Em decorrência dos bons resultados sob o comando da treinadora sueca Pia Sundhage, as expectativas em relação à participação brasileira são altas, apesar de não sermos uma das favoritas ao título. As adversárias que já se apresentam no horizonte brasileiro são duríssimas e para repetirmos a campanha que nos levou à final da competição em 2007, teremos que superar diversas potências nesse esporte.

O Brasil, já na primeira fase, enfrentará uma oponente que se encontra na prateleira superior do futebol feminino, a França. Quem sabe não é a hora de vencer pela primeira vez as francesas e ter um caminho um pouco menos árduo na fase seguinte? Mas se isso não ocorrer e ficarmos na segunda posição do grupo, o caminho será uma autêntica pedreira. A tendência é jogarmos contra a bicampeã mundial, a Alemanha, nas oitavas de final. Se repetirmos a vitória recente que tivemos contra as alemãs, seguindo a lógica, devemos enfrentar a Inglaterra, atual campeã europeia. Depois podemos reencontrar a França ou enfrentar a Austrália e, mantendo o status de zebra, decidir o título contra os Estados Unidos ou a Espanha.

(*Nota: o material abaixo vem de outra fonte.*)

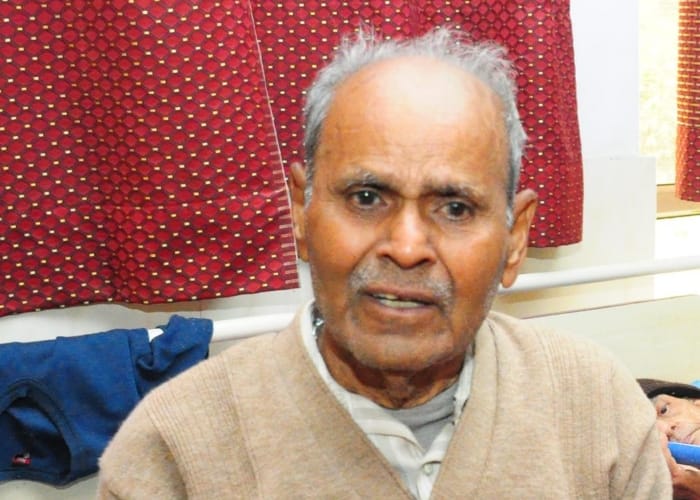 elderly peoples share their grief in old age home
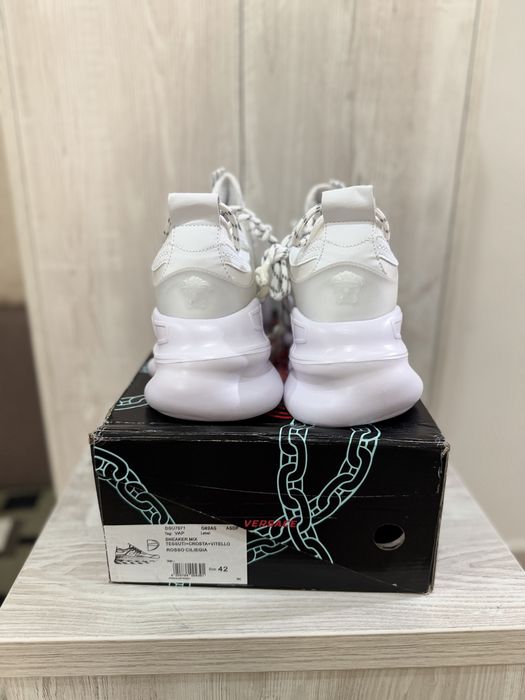 *SUMMER SALE* Versace Chain Reaction 41-43
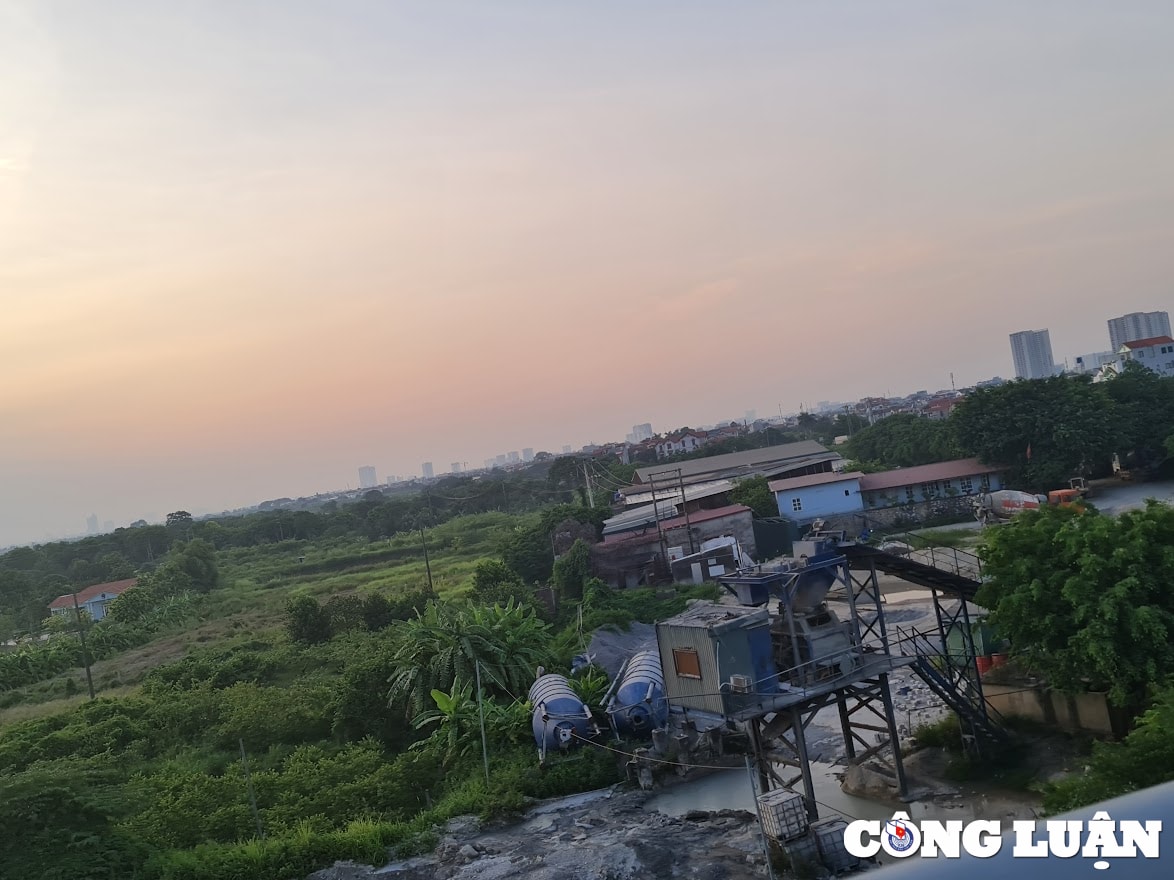 gia lam ha noi chinh quyen lam ngo cho hang loat tram be tong ngang nhien hoat dong trong mua mua bao hinh 8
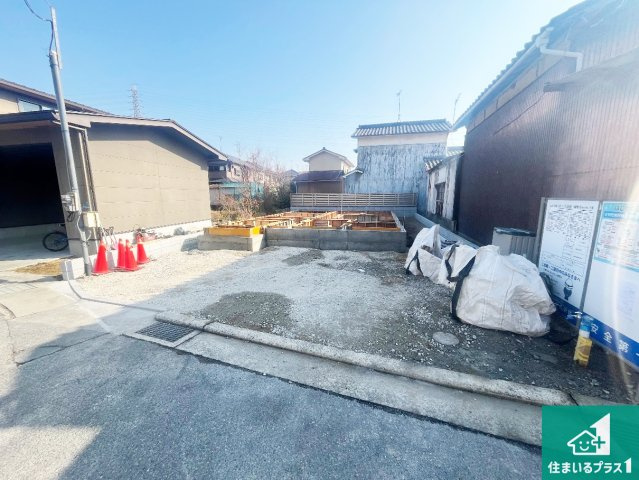 高砂市荒井町小松原　第2期　新築一戸建ての外観|周辺は落ち着いた街並みの住宅地！子育てがしやすい住環境です！まだ未完成ですが、現地でしかわからない事もございます。是非一度ご覧ください。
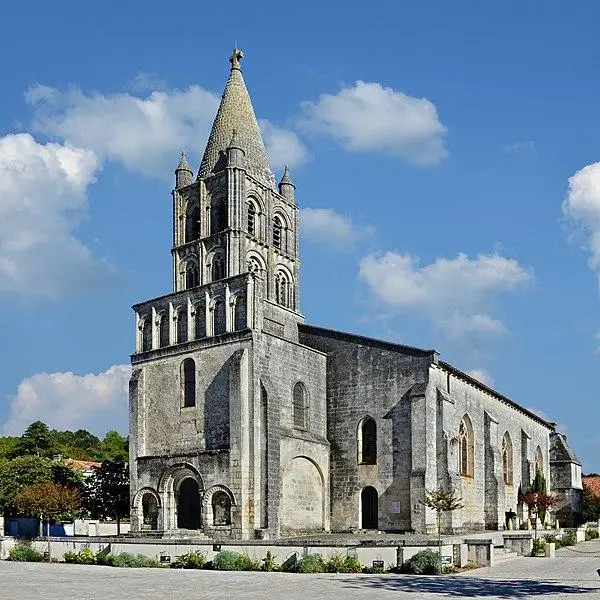 Foto von Saint-Pierre Kirche - JLPC - © Creative Commons (https://creativecommons.org/licenses/by-sa/4.0/deed.fr)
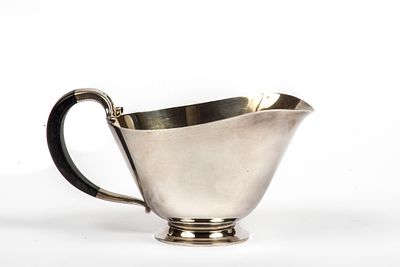 Georg-Jensen-Sauciere. 925er Silber, Mod.: 896 von 1940, Entw.: Jorgen Jensen (1895-1966). 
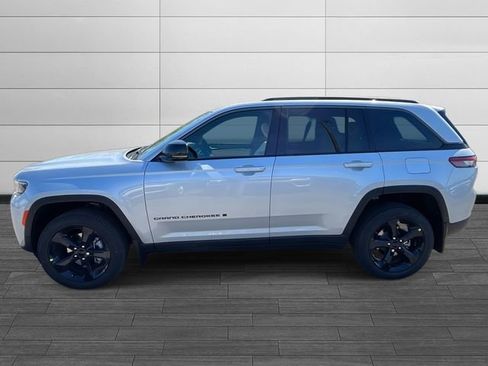 New 2026 Jeep Grand Cherokee Limited AWD/4WD image 6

Superar a campanha de 2019, quando saímos nas oitavas de final, é algo palpável e deve ser o nosso primeiro objetivo. Mas em competições de tiro curto, uma sequência de bons jogos e uma boa dose de sorte, o que sempre é necessário quando se joga os mata-matas, o Brasil pode até surpreender e ganhar sua primeira estrela na Copa do Mundo feminina, mesmo que não seja muito provável. Mas quem não gosta de sonhar? Eu gosto!